CHECHNYA: Chechnya’s Cold War curse
Paul Goble

Russia’s leading military newspaper has said Islamist threats to the Russian Federation represent the playing out of Western policies launched a generation ago during the Cold War, and because of that the Bush administration should be viewed as a hostage of these policies rather than their initiator.

In an article titled “The strategy of contemporary extremism” published in Krasnaya Zvezda on September 16, commentator Boris Nikanorov makes three interrelated arguments:

• First, he suggested the Wahhabi Islamist extremists who now threaten Russia and other countries have little in common with the Arab group from which they take their name. Instead, they can best be understood as “a Muslim heresy of the Western security services” in the 1970s.

At that time, he noted, “certain elitist circles” in the West who were committed to globalization and interested in radically redrawing the geopolitical map of the world that existed during the Cold War decided to fashion “a new political instrument” to promote the disintegration of the Soviet Union “by exploiting the errors of the Kremlin leaders.”

They found that “instrument,” Nikanorov continued, in radical Islam. And as a result, he adds, “the idea of controlling the post-Soviet space by means of the dissemination of a quasi-Islamic doctrine based on a mix of Wahhabism and Zaidism, a teaching of the semi-Shia Yemeni sect of Zaidis was born in one West European capital” with extensive experience “in manipulating the Islamic world.”

Nikanorov did not identify this West European capital further, but it is almost certain he was referring to Paris where a group of scholars led by the late Alexandre Bennigsen produced works about the possible role of Islam in the demise of the Soviet system under such titles as, “The Islamic threat to the Soviet Union.”

• Second, Nikanorov argued, because of this heritage, it is entirely inappropriate to blame the current US administration of President George W. Bush for the Wahhabi threat to Russia. In fact, he insisted, the Bush administration itself is today “a hostage of a grandiose geopolitical game of influential supernational supporters of globalization.”

Consequently, Nikanorov continued, it is not in Russia’s national interests either to blame Washington for Russia’s current problems with Islamist extremism or to be pleased by the difficulties the Bush administration faces in dealing with the world of Islam. Such views, he suggested, are especially inappropriate just now because “the coming to power of the Democrats would not promise us anything good.”

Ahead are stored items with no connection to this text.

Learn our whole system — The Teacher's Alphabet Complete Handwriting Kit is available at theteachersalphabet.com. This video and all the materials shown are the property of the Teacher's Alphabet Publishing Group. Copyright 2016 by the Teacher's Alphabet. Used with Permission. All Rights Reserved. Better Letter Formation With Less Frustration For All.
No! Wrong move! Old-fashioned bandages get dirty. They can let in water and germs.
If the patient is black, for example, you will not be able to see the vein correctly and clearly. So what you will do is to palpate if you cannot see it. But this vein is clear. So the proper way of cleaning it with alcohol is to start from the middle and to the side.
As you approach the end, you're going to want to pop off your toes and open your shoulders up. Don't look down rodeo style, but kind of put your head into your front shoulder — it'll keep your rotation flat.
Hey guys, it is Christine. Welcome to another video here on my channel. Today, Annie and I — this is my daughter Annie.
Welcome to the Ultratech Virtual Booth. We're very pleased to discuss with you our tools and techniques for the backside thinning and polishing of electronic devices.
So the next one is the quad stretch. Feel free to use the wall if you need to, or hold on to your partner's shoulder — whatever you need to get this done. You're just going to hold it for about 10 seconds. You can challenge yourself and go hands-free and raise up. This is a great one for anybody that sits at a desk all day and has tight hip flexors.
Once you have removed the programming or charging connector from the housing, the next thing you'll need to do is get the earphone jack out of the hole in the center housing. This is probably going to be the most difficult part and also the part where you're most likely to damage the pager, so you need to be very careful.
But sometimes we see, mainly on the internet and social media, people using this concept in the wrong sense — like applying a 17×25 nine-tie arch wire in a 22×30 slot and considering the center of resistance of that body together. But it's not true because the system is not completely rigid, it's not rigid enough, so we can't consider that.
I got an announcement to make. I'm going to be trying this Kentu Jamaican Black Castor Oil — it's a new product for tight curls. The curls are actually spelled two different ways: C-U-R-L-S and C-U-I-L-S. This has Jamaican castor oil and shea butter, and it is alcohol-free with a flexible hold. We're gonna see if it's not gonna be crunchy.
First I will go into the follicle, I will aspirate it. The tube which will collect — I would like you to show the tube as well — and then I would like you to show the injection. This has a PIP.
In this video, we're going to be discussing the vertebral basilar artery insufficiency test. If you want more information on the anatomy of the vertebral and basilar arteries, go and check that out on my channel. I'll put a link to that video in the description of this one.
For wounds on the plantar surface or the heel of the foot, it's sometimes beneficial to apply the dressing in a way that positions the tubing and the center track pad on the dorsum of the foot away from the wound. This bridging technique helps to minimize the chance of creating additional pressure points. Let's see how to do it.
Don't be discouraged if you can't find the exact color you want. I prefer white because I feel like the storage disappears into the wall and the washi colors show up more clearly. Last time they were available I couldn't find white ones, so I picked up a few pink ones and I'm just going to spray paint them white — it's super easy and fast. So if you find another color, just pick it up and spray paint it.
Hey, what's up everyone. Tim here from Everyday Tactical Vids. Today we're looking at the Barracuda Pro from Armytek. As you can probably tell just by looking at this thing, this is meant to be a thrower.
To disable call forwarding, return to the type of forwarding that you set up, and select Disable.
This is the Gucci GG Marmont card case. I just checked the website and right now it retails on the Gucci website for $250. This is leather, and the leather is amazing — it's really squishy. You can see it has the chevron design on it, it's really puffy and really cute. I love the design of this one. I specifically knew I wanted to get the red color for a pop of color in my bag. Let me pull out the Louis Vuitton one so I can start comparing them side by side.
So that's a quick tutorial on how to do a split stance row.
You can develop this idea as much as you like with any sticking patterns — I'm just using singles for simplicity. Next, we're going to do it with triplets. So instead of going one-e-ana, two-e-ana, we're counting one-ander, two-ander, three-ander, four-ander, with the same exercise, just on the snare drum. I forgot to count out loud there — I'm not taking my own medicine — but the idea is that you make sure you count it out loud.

• Third, Nikanorov concluded, many Russians have failed to understand just how much of a threat to Russia Wahhabism in its current form is – and even more, will be in the future.

He noted the leaders of mainstream Islam in Russia have understood this threat far better than many non-Muslims and seem more prepared to take action against it than are the Russian authorities.

He quoted with approval a declaration by the Coordinating Center of Muslims of the North Caucasus to the effect that “for many years, we have sought to explain the dangerous and criminal essence of Wahhabism, which not only serves as an instrument for the destabilization of the situation but which also inflicts enormous harm on Islam.”

Nikanorov also welcomed the remarks of Perm Mufi Mukhammedgali Khuzin who has called for the legal prohibition of Wahhabism in Russia, a movement that he calls “a pseudo-religious radical and extremist trend close to totalitarian sects.”

Nikanorov would undoubtedly have been pleased to cite the statement of Valiulla Yakupov, the deputy chief of the Muslim muftiate in Kazan. In an interview published by Russkiy Kuryer, the same day as Nikanorov’s article appeared, Yakupov suggested that Wahhabism is “a manifestation of fascism” within Islam.

Yakupov added that he and other mainstream Muslim leaders had appealed to the Russian authorities to take steps against Wahhabi schools and newspapers in Russia but that the authorities had failed to do so, at least in part because of corruption.

Nikanorov’s article indicated there is likely to be less tolerance in Moscow for such failures by local and regional officials in the coming months and more willingness to bring the entire power of the federal center down on any institution that one or another member of the Muslim establishment identifies as having links to Wahhabism.

Such an approach virtually invites abuse with one Muslim group denouncing another as Islamist to enhance its own status – something that appears to be happening already in a few places in the Middle Volga region.

But it does point to a new seriousness in the Russian government about taking concrete actions against this Islamist threat than simply discussing it in highly charged ideological terms.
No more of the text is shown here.